Installation
Requirements
Python 3.7 or higher
No runtime dependencies
Optional for source Rust builds: Rust toolchain +
maturin
PyPI Installation
The easiest way to install Crosstem is via pip:
pip install crosstem
This installs the base package (~280 MB) with derivational and inflectional data for 15 languages.
Rust Acceleration Backend
Crosstem includes a PyO3-based Rust derivational backend for faster stemming. If your wheel includes the extension, it is used automatically. If not available, Crosstem safely falls back to the pure-Python implementation.
Build locally from source with Rust:
pip install maturin
maturin develop --manifest-path rust/Cargo.toml
Force Python fallback backend (for debugging/parity checks):
from crosstem import DerivationalStemmer
stemmer = DerivationalStemmer("eng", use_rust_backend=False)
Etymology Data (Optional)
The etymology dataset is ~1 GB and hosted separately on GitHub Releases. To download it:
from crosstem import download_etymology
download_etymology()
Or from the command line:
python -m crosstem.download
This downloads etymology.json to the crosstem/data directory with a progress bar.
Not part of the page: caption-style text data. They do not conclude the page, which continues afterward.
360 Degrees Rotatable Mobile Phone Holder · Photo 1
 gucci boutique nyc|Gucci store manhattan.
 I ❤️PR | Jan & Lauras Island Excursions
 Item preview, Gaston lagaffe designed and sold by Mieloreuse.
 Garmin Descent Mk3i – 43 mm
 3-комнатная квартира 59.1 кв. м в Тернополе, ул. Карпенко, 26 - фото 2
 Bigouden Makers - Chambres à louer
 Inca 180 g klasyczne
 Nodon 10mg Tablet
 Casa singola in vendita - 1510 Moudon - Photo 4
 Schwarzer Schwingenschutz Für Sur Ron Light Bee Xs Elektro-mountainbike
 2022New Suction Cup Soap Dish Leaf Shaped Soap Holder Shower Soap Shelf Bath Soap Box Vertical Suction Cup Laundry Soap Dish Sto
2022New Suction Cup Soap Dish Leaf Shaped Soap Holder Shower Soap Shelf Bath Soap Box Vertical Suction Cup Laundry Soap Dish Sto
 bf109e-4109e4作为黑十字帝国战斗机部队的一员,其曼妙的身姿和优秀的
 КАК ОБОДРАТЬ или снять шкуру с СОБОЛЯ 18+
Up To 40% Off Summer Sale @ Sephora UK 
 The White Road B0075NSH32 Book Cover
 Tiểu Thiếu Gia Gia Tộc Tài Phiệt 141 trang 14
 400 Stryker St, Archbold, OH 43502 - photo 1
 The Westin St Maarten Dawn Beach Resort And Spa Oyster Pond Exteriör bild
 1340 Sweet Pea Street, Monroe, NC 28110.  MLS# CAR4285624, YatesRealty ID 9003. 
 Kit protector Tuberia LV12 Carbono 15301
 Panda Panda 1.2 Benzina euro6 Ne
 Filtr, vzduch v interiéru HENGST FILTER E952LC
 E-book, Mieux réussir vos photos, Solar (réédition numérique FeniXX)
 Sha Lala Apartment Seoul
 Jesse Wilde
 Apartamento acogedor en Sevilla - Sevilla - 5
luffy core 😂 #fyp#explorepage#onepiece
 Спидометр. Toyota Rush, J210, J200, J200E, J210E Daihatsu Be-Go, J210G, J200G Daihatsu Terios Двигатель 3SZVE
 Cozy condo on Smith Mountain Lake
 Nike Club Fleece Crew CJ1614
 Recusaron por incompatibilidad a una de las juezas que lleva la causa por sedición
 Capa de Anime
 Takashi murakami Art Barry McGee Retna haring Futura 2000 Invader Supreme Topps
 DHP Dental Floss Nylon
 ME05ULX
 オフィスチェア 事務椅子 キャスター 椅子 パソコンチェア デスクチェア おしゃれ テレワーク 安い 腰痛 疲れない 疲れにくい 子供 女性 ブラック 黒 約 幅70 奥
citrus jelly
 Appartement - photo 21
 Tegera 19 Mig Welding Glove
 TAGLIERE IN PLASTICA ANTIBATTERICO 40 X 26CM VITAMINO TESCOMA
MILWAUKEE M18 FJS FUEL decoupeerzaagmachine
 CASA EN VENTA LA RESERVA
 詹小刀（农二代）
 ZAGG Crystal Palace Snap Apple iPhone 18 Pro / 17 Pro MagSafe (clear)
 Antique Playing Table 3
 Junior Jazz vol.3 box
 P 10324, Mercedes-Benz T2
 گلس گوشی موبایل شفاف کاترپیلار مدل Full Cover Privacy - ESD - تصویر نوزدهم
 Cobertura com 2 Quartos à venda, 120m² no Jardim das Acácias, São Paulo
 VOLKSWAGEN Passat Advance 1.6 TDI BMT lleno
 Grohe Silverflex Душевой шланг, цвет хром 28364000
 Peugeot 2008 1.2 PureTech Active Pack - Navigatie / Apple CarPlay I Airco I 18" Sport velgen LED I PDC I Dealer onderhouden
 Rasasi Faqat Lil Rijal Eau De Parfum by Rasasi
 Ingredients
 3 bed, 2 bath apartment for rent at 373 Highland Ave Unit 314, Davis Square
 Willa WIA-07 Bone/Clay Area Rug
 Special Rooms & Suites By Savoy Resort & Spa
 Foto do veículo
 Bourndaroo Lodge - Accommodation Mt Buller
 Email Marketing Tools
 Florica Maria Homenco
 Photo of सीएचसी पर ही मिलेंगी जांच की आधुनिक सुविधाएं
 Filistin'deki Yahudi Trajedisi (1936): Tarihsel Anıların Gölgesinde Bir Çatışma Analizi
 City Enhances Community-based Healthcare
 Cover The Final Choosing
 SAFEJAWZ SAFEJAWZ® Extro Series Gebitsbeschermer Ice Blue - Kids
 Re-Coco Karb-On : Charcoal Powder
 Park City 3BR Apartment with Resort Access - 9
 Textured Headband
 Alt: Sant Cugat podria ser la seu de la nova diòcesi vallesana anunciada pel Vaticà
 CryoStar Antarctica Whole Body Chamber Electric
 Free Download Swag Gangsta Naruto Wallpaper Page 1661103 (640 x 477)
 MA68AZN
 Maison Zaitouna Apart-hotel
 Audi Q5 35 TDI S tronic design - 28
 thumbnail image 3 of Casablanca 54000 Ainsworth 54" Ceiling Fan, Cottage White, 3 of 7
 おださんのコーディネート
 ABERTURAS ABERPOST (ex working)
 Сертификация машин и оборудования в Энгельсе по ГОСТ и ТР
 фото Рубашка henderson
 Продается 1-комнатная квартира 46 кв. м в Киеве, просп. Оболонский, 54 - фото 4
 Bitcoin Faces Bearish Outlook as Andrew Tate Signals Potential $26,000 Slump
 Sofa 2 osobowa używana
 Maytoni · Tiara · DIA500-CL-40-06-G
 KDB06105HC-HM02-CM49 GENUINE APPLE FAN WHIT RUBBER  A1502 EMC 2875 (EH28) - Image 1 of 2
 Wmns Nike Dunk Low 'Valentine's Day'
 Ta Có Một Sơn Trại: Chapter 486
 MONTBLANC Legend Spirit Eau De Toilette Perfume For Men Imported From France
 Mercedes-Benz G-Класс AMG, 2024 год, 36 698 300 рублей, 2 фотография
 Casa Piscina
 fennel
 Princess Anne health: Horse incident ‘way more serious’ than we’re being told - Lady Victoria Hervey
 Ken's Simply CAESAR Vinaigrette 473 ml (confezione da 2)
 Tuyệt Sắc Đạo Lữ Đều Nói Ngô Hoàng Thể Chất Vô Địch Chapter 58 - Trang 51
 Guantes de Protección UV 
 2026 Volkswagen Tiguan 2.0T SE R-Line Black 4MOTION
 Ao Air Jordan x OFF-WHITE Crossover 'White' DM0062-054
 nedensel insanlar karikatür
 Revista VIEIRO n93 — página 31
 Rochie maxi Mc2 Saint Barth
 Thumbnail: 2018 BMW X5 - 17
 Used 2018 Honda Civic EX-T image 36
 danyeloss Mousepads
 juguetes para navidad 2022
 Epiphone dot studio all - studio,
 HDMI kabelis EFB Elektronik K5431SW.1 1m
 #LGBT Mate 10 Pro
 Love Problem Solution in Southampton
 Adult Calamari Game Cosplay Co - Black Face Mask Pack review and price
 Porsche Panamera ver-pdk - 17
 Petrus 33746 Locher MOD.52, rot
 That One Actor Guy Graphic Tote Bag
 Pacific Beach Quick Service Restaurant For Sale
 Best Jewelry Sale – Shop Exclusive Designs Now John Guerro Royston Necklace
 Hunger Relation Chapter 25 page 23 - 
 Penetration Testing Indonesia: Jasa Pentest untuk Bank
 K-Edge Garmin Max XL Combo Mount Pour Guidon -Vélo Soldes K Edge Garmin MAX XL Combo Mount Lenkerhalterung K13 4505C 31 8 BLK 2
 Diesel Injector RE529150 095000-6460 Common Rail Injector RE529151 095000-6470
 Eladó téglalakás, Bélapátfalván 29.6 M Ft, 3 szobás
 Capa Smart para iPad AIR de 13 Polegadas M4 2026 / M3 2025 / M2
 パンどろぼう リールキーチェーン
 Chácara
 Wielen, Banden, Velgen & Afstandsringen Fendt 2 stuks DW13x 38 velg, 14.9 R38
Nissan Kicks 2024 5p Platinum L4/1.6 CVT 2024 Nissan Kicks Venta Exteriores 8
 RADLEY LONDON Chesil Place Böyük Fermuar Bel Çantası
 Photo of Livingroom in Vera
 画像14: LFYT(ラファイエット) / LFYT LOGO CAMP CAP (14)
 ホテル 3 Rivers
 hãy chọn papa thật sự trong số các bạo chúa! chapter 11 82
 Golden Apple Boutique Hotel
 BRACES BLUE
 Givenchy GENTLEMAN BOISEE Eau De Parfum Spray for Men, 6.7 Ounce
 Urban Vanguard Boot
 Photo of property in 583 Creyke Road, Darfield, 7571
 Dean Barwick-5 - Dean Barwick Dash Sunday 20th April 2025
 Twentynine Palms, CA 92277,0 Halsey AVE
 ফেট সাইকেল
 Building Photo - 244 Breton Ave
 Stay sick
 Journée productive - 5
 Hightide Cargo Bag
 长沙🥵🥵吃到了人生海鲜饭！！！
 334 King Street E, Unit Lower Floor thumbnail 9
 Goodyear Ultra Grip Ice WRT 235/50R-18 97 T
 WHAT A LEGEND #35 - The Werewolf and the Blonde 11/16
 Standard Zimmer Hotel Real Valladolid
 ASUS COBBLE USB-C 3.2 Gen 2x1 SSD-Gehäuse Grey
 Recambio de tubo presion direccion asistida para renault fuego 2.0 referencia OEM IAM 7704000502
Check if Etymology is Installed
from crosstem import is_etymology_downloaded
if is_etymology_downloaded():
print("Etymology data is available")
else:
print("Etymology data not found")
Remove Etymology Data
To free up disk space:
from crosstem import remove_etymology
remove_etymology()
Development Installation
To install from source for development:
git clone https://github.com/droidmaximus/crosstem.git
cd crosstem
pip install -e .
If you are working on the Rust extension itself:
pip install maturin
maturin develop --manifest-path rust/Cargo.toml
Verifying Installation
Test your installation:
python -c "from crosstem import DerivationalStemmer; print(DerivationalStemmer('eng').stem('organization'))"
Expected output: organize